There is not really anything wrong with any of this either, and judges could often do with a little loosening up, as they often affect undue severity in their dickies and robes and on their elevated platforms where they rule with almost unquestionable authority. In fact, complaints of this kind disguise the real problem with Strine: that, while he is intelligent and quick, he is a compulsive attention-seeker and often says injudicious things and produces bad and unjust judgments. He, like a significant number of judges, but more vividly than all but a few, is like a hyperactive version of F. Scott Fitzgerald’s description of the rich drifters of The Great Gatsby
: “They were careless people. . . . They smashed up things and creatures and then retreated back into their vast carelessness . . . and let other people clean up the mess they had made.” As his spouting of contemporary pop-culture jargon portends, Strine is trendy, and combines Bacon’s famously disparaged “much-talking judge” with the contemporary description of much of the bench as “the Zeitgeist in robes.”
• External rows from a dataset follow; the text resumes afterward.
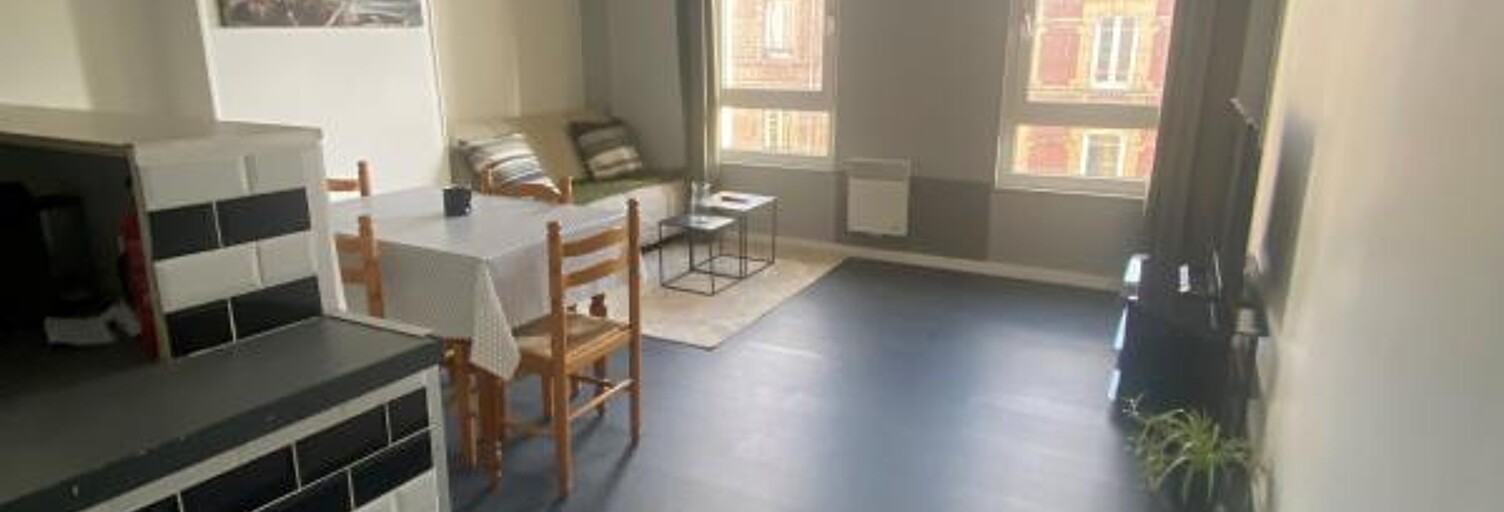 Appartement 2 Pièces 36 m² à vendre à Le Havre (76600)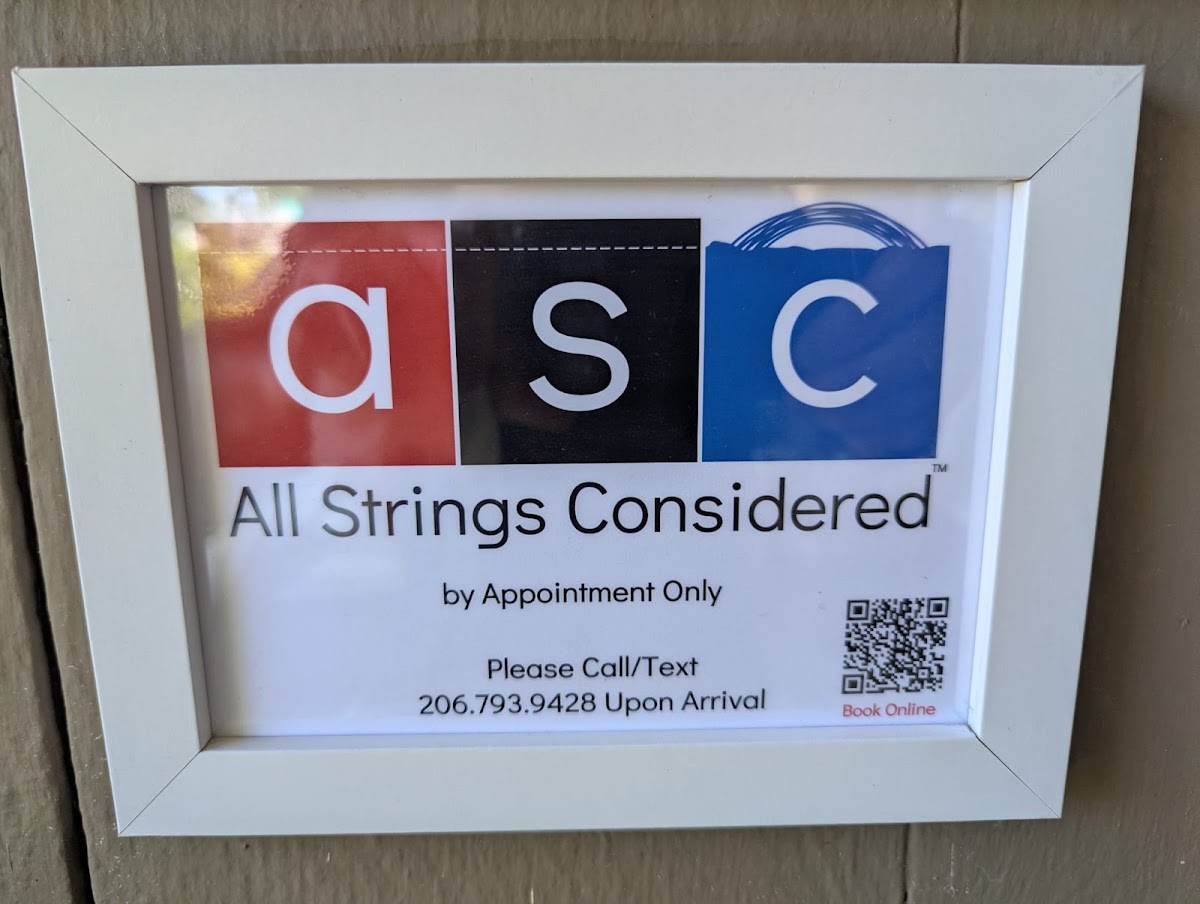 All Strings Considered - Photo 2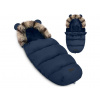 Ricokids Fusak do kočíka Elmi Ricokids - námornícka modrá 720010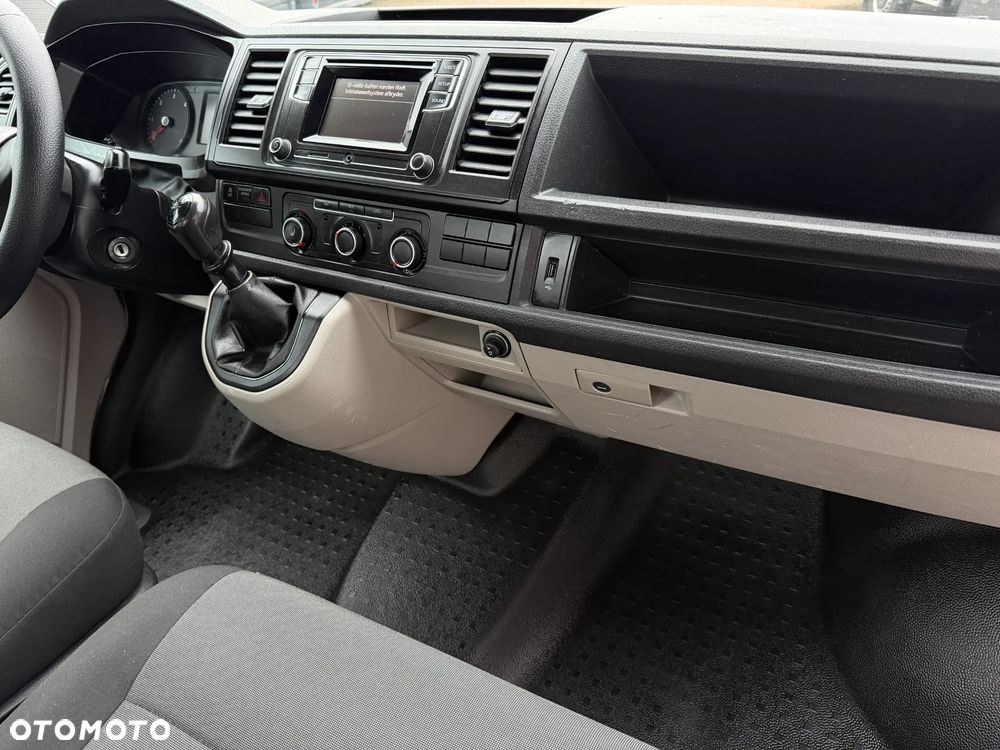 Volkswagen Transporter T6 Skrzynia - 20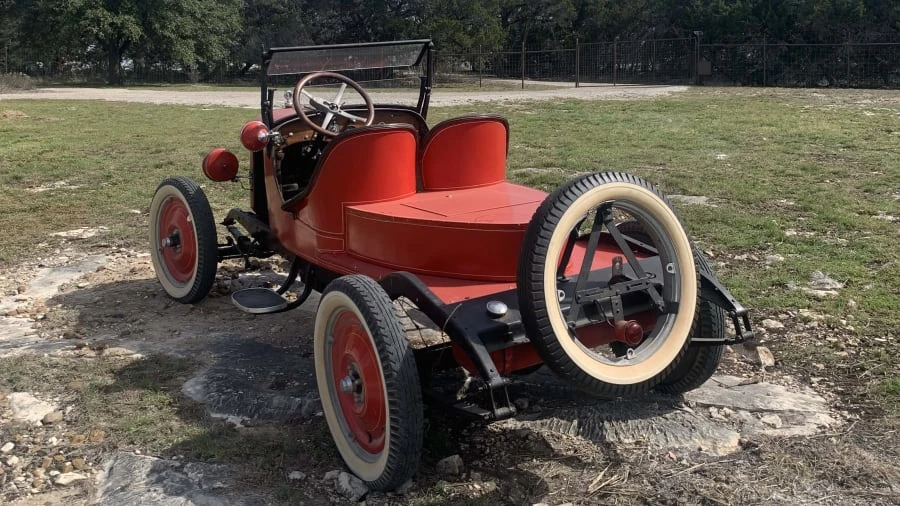 1920 Chevrolet Pickup 1st Gen - Image 3 of 9
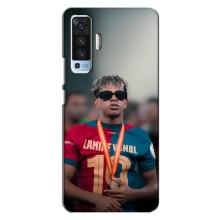 Чохол з футболістом Ламін Ямаль Vivo X50 (Ямаль Барса)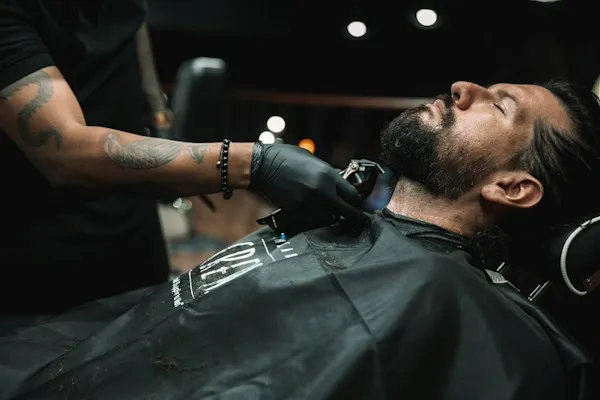 Arreglo de barba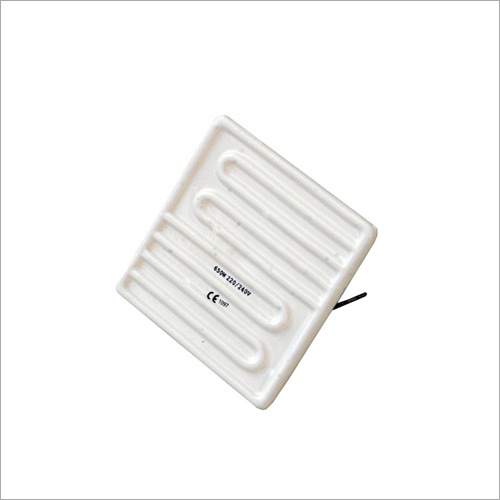 Ceramic Flat Infrared Heaters By MICRO ELECTRIC CORPORATION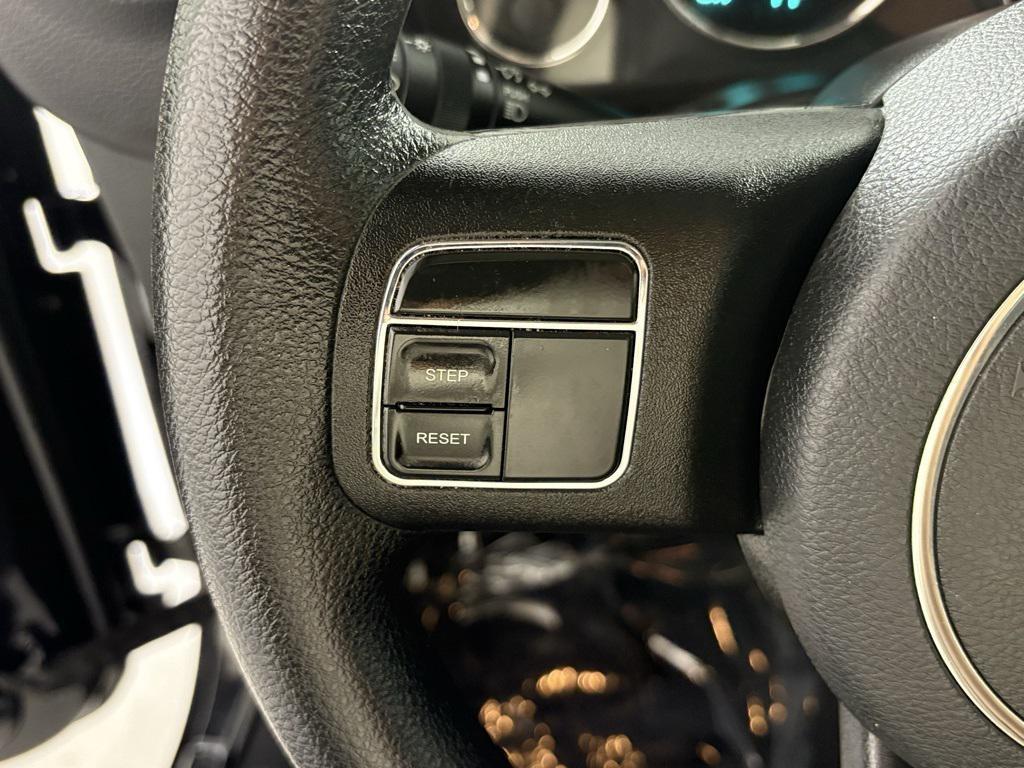 used 2016 Jeep Wrangler car, priced at $15,900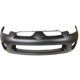 Purchase Top-Quality Various Manufacturers - MI1000313 - Front Bumper Cover pa1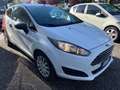 Ford Fiesta Van Blanco - thumbnail 2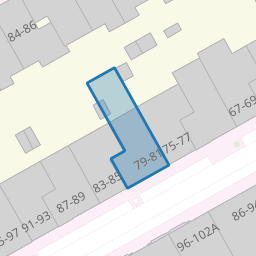 Perceel GVH09-N-6110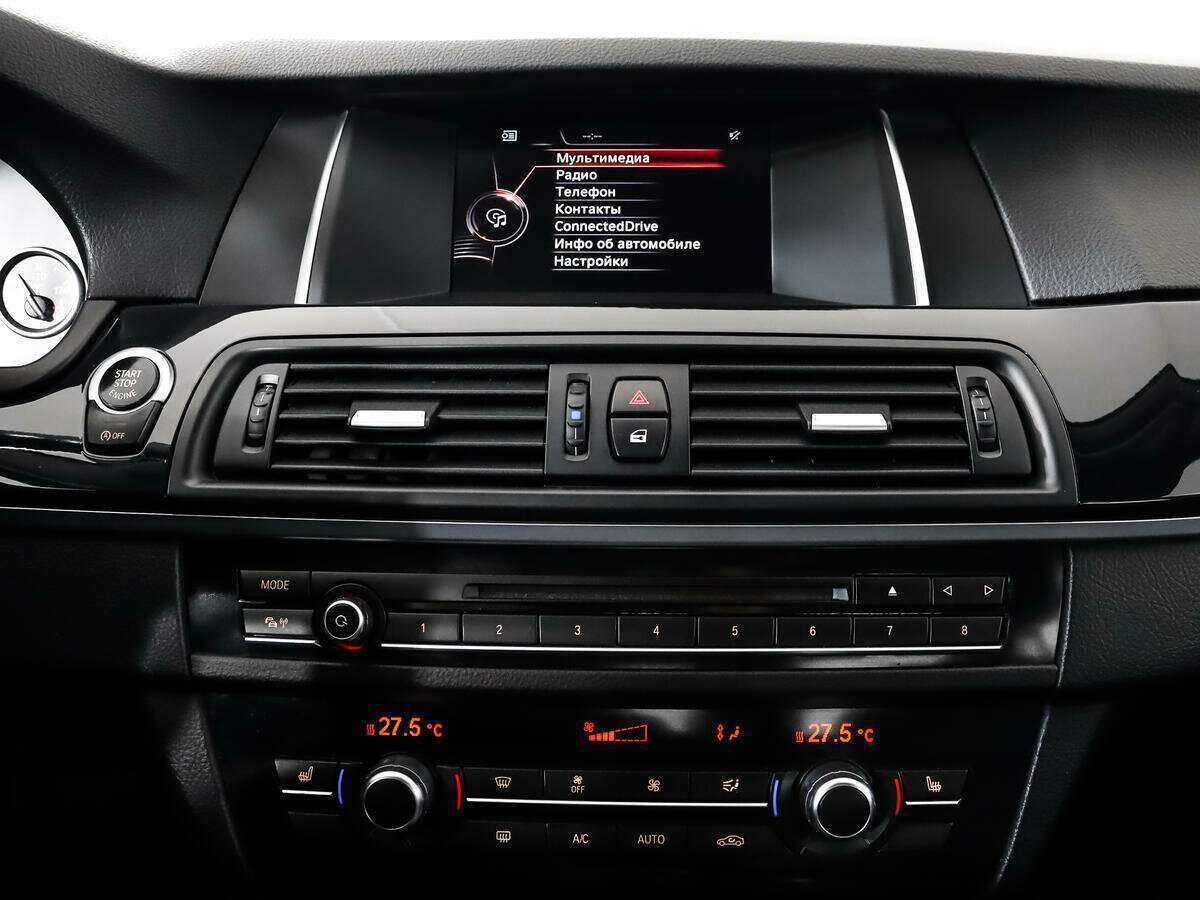 Продажа Б/У БМВ 5 серии. Фото: #13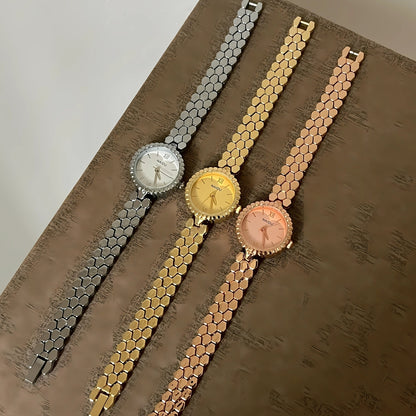 Vesperine Charm Watch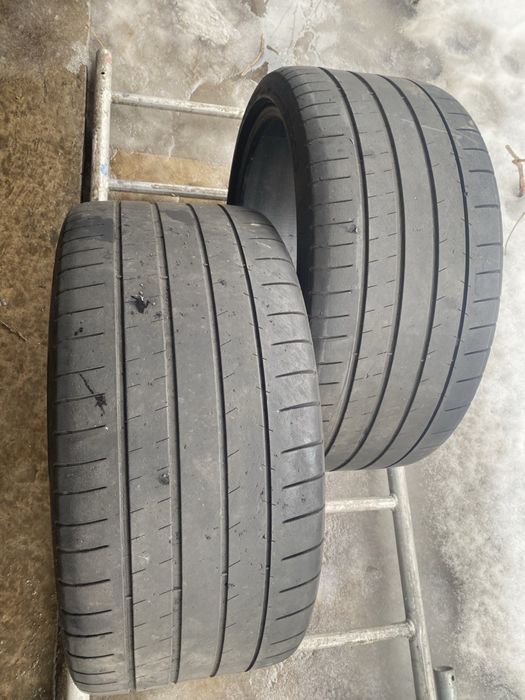 Продам резину R20 Michelin pilot sport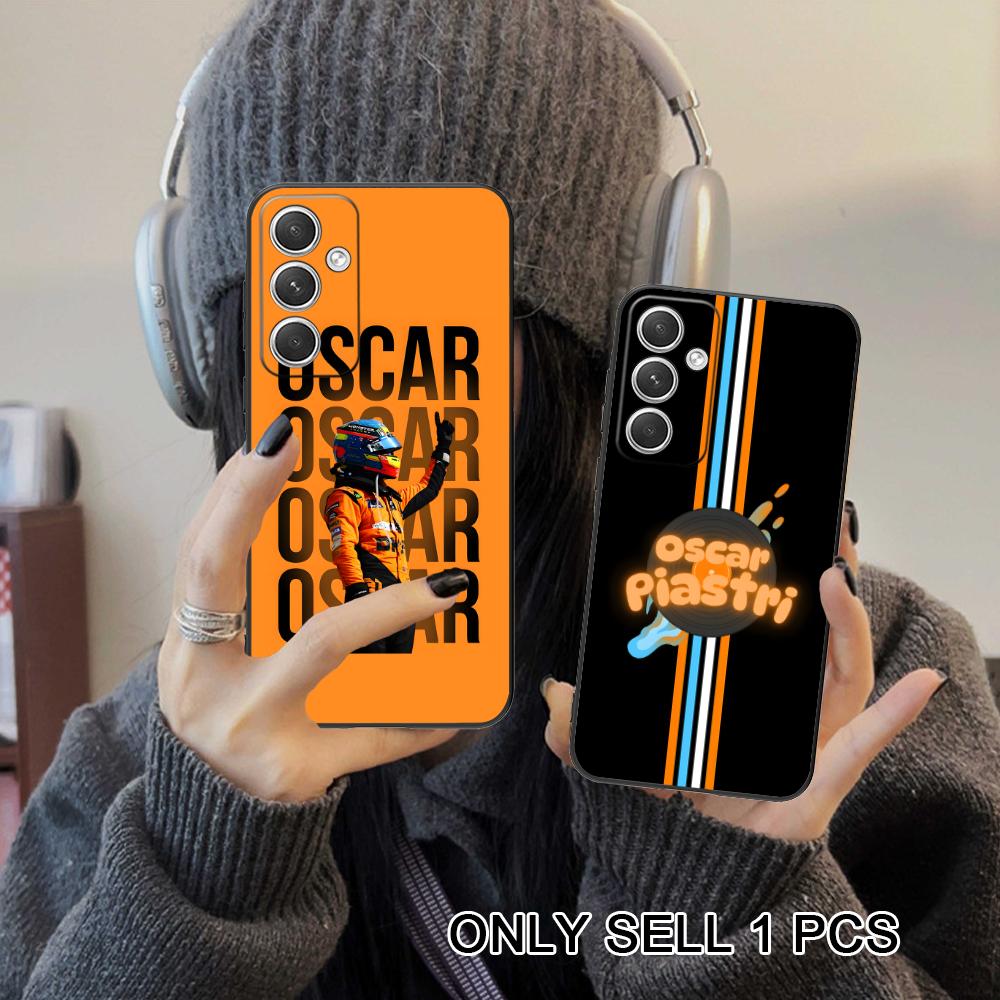 Oscar Piastri Phone Case for S - Samsung Galaxy S25 recension och pris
Readers will discern that I speak from experience. I testified in Strine’s court at length in a case where companies controlled by my associates and me were involved. He signaled clearly in the preliminary meeting with counsel that he had already determined the case against us and my counsel advised me to fold and act otherwise against our opponents. With no optimism about the outcome of the impending trial, I concluded that that would produce the same result with the additional appearance of cowardice on our part, and the case proceeded. He was perfectly courteous to me as a witness and we even exchanged a few quips and a bit of jaunty badinage, and he has subsequently referred to me quite politely, even with the affected comradeliness of a former adversary whom he bested. But he wrote a judgment that did extreme damage to the interests of tens of thousands of shareholders and was largely debunked in subsequent proceedings in various courts, including a four-month criminal trial. After Strine enthroned others in control of
our companies, his protégés enriched themselves obscenely and the companies eventually went bankrupt, wiping out $2 billion of shareholders’ equity dispersed among average people in every U.S. state and Canadian province. The faction he upheld at trial — to Strine’s professed amazement, as any indication of his fallibility seems to amaze him — ultimately agreed to a $5 million (Canadian) settlement of my libel suit, by far the largest such payment in Canadian history, as part of an overall resolution, in my favor, of a complex of related lawsuits.